The Great Recession has led to property foreclosures in numbers that were never expected by home owners. Expected or not, it is an issue that many homeowners are dealing with. Many homeowners hear about Loan modification on the news, through friends or through a potential scammer. In reality loan modifications are more myth than reality despite Federal efforts to endorse the practice. Many borrowers cannot withstand the underwriting of mortgage loans that should never have been made in the first place. The good news is that now there are legitimate forums to deal with mortgage modifications and other workouts with lenders.

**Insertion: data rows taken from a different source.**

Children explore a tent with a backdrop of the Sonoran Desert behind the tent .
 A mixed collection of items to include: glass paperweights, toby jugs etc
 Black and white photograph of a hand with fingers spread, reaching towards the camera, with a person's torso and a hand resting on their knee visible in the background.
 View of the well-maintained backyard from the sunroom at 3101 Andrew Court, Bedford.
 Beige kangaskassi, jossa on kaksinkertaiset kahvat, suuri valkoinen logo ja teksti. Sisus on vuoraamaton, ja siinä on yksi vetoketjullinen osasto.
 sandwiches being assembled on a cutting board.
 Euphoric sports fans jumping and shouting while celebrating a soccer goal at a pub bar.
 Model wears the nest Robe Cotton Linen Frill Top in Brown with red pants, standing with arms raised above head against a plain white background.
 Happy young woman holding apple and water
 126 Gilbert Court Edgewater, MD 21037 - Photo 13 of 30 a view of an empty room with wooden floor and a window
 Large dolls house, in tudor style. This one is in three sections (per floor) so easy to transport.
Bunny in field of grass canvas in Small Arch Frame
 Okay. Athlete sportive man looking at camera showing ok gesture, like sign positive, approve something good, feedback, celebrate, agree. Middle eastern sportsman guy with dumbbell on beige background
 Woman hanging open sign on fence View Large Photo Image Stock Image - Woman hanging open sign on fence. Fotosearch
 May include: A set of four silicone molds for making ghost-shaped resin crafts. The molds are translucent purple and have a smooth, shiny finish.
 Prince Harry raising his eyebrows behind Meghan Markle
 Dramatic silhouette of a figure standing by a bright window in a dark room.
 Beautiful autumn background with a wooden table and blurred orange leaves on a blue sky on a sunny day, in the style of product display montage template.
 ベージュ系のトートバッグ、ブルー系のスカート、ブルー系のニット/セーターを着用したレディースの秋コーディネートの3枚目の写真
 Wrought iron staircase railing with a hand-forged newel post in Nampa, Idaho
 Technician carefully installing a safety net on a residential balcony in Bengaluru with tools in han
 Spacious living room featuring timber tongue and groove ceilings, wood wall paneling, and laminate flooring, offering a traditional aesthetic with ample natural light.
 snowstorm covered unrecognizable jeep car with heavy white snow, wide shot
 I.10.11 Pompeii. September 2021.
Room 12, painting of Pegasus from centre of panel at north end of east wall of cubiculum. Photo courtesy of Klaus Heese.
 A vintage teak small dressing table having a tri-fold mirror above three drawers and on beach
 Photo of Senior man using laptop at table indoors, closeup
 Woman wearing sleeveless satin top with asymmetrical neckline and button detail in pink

Both the New Jersey State Courts and New Jersey Bankruptcy Courts have procedures in place to deal with the foreclosure epidemic.

In fact State Court statistics show mortgage foreclosure filings rose from 20,253 in 2005 to a peak of 66,717 in 2009, dropping to 58,445 in 2010. The number fell dramatically since a moratorium last December to foreclosures by the six largest lenders because of abuses, with only 4,722 filings for the first six months of 2011. This number is sure to rise again now that lender have lifted moratorium on foreclosures. Since the inception of the state foreclosure mediation program in 2009, it is reported that 2,612 cases in the program have settled. Although the Bankruptcy Courts Loss Mitigation Program (LMP) is fairly new and there are no statistics to report as of yet, it sounds like a promising program.

All too often foreclosure scams and surplus scams are being carried out on New Jersey homeowners in this distressed housing economy. So what can you do to protect yourself from such scams? One way is to take part in the either the previously mentioned Court administered programs to ensure that there is judicial oversight for fairness. The Department of Banking and Insurance has issued warnings to put New Jersey homeowners on notice of potential scams involving “loss mitigation consulting,” “foreclosure prevention,” “mortgage loan modification,” and similar services.

In fact in New Jersey only certain licensed entities can actually modify mortgages which are licensed by the Department under the Debt Adjuster Act. Other entities, which are typically attorneys, are exempt from Debt Adjuster licensure, as set forth at N.J.S.A. 17:16G-1c(2).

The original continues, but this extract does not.